Among the entries below, only the lines from the one with "Стикер за под" through the one with "James Perse Elegant" are to be retyped, exactly and without pictures.

[SUPPLIED RECORDS — start]

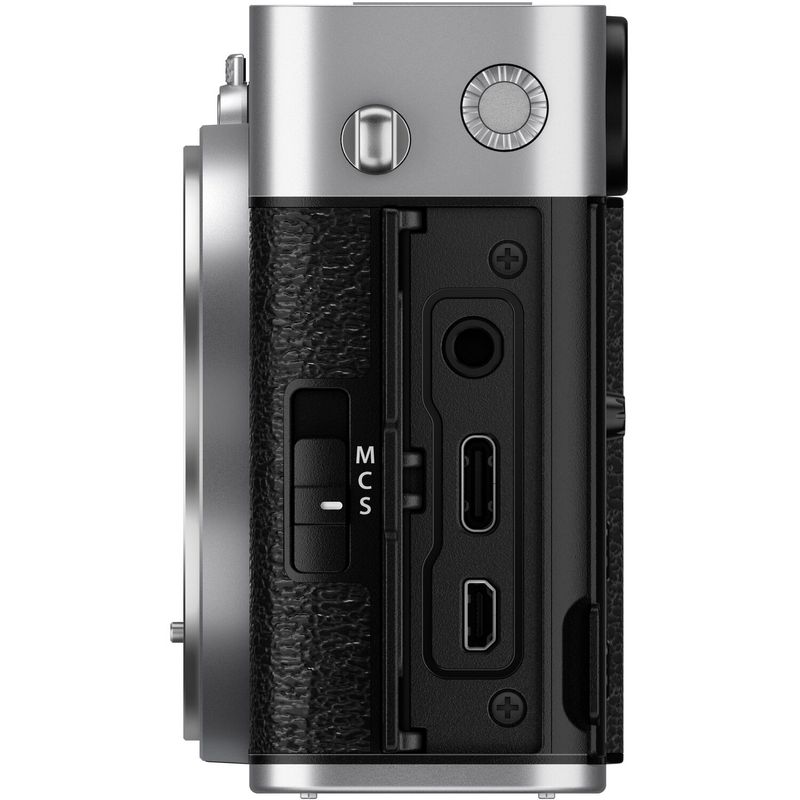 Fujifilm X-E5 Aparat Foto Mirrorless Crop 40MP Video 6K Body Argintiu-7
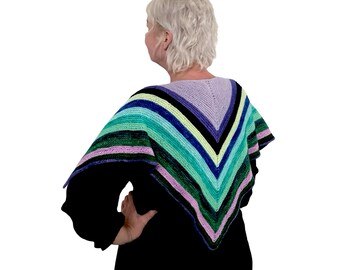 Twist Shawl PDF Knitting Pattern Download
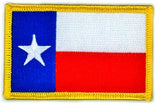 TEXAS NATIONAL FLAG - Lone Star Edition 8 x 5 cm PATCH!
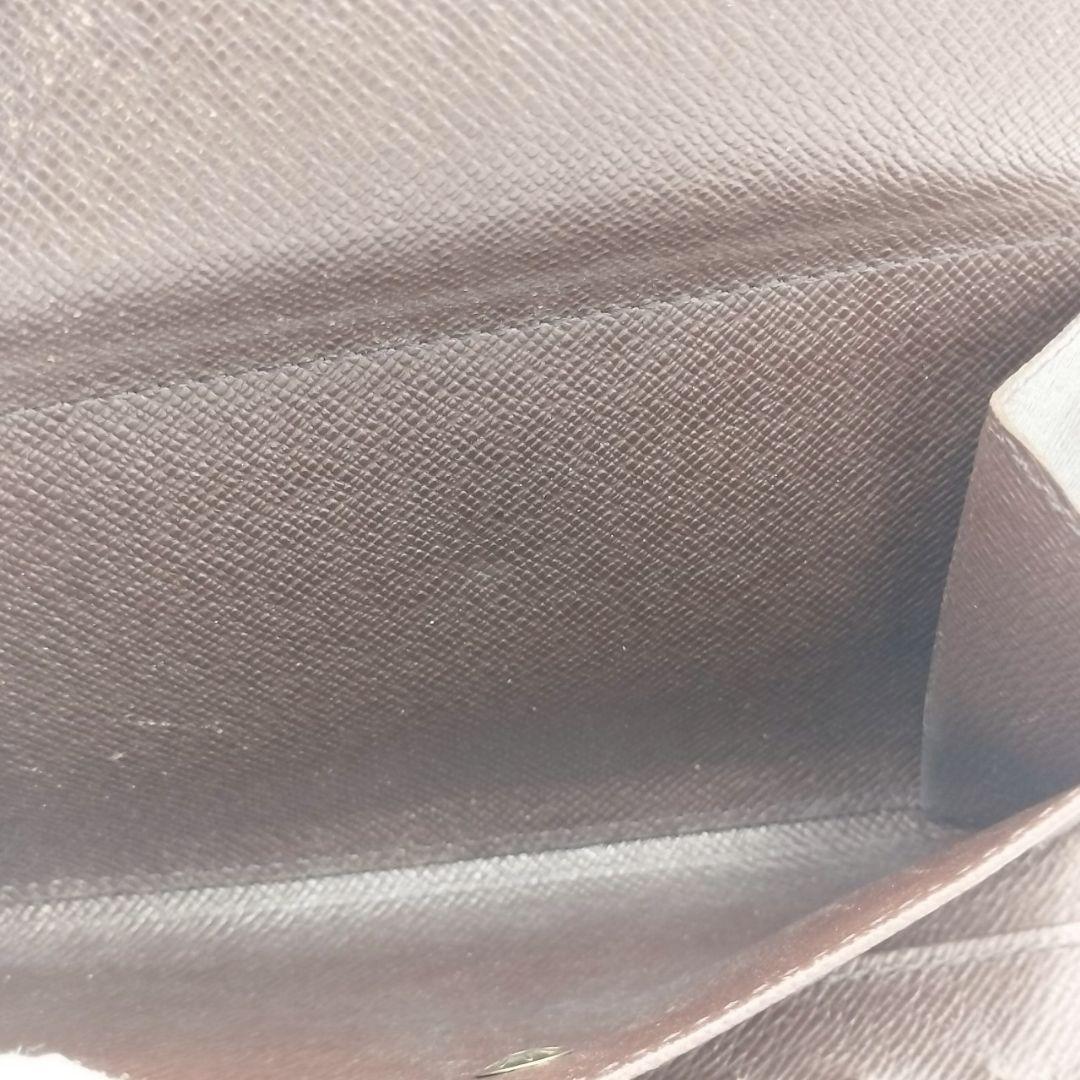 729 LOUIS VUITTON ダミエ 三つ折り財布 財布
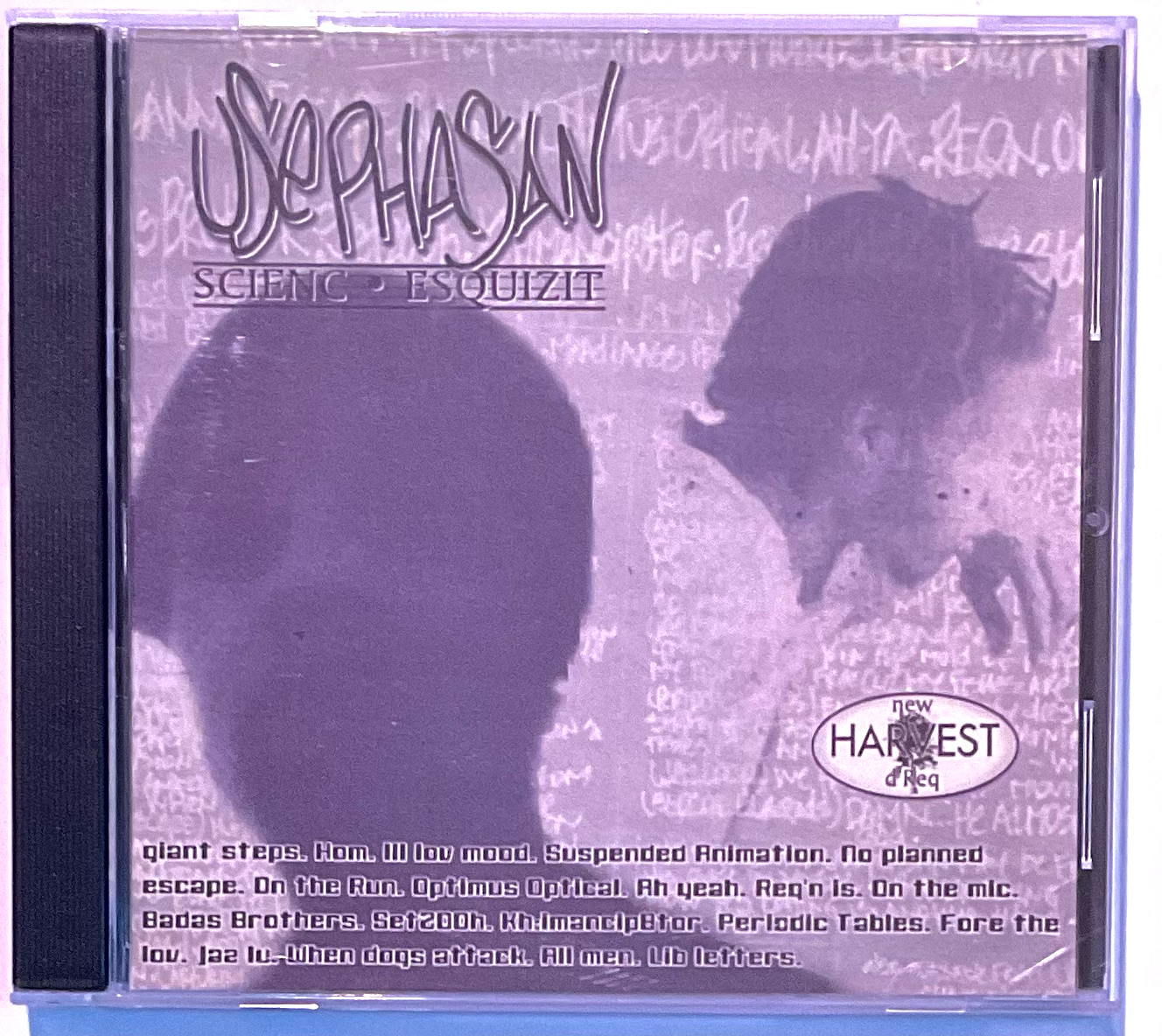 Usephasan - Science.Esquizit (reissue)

[SUPPLIED RECORDS — finish]
[SUPPLIED RECORDS — start]

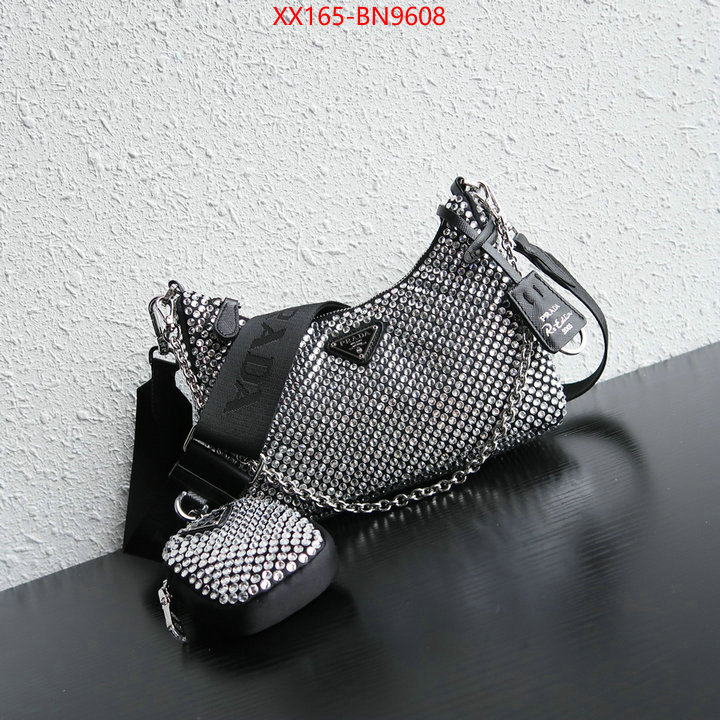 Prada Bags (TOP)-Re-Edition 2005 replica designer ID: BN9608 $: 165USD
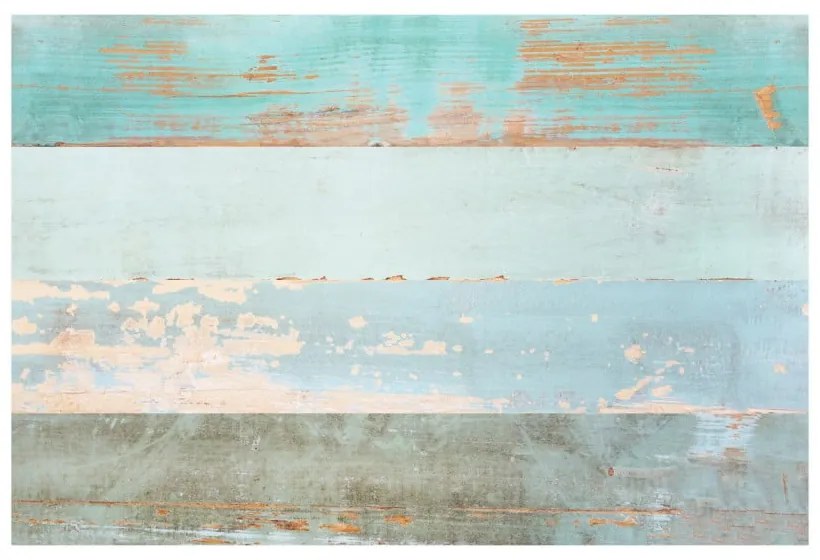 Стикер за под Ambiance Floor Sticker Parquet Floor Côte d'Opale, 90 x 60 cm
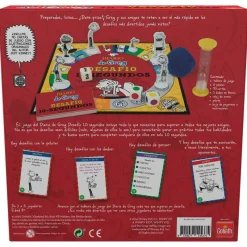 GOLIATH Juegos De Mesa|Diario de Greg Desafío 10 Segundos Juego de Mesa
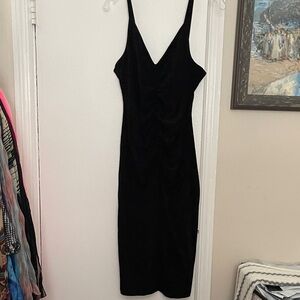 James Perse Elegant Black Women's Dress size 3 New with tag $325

[SUPPLIED RECORDS — finish]
[SUPPLIED RECORDS — start]

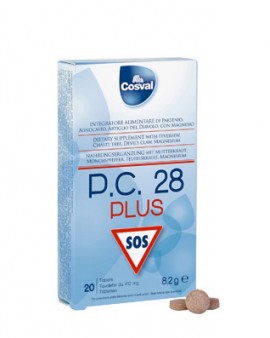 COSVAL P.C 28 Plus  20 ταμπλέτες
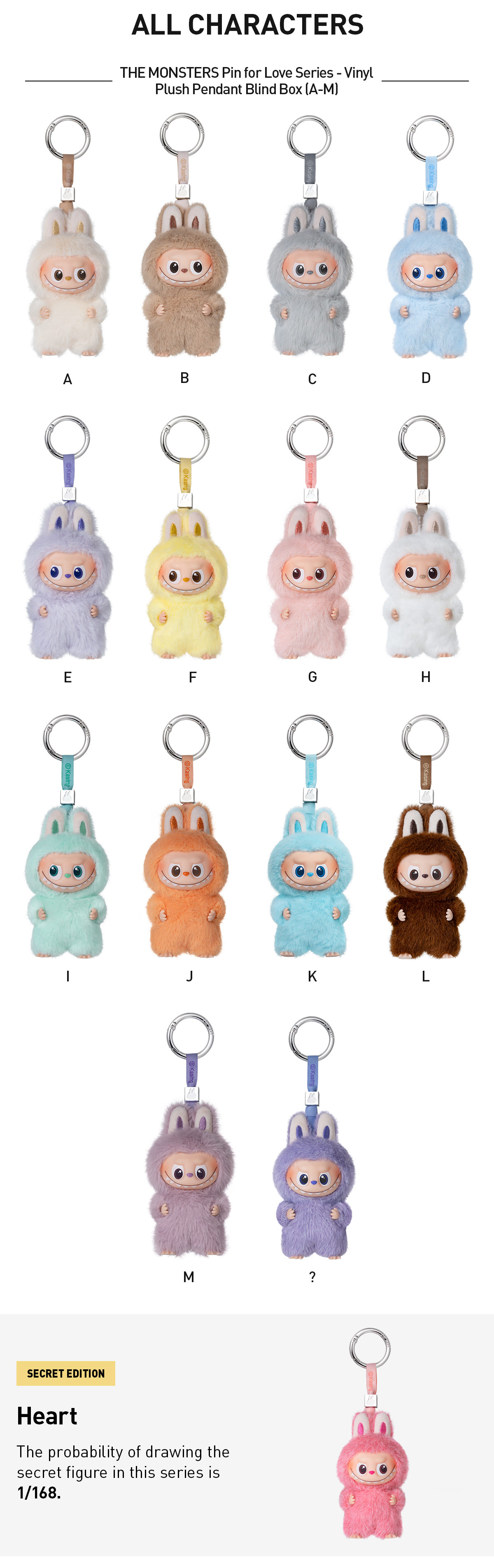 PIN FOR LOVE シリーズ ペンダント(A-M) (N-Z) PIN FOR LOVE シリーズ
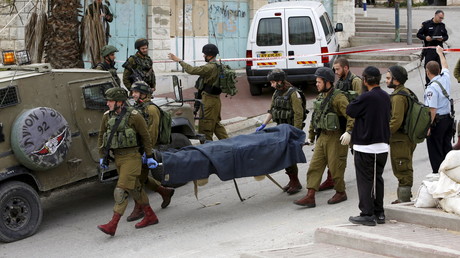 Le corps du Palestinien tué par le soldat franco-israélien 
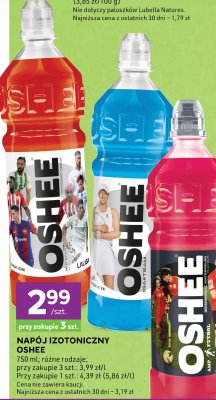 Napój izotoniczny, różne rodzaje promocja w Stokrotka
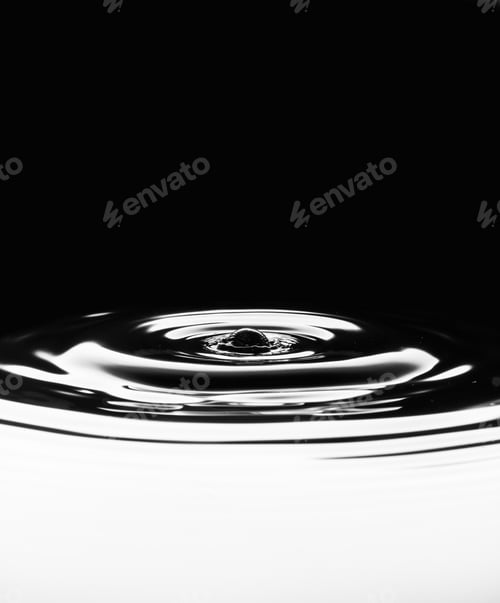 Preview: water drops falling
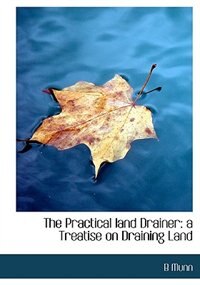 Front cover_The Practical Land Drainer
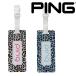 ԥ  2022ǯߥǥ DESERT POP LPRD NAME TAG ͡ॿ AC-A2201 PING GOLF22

[SUPPLIED RECORDS — finish]

— OUTPUT —
 Стикер за под Ambiance Floor Sticker Parquet Floor Côte d'Opale, 90 x 60 cm
 GOLIATH Juegos De Mesa|Diario de Greg Desafío 10 Segundos Juego de Mesa
 James Perse Elegant Black Women's Dress size 3 New with tag $325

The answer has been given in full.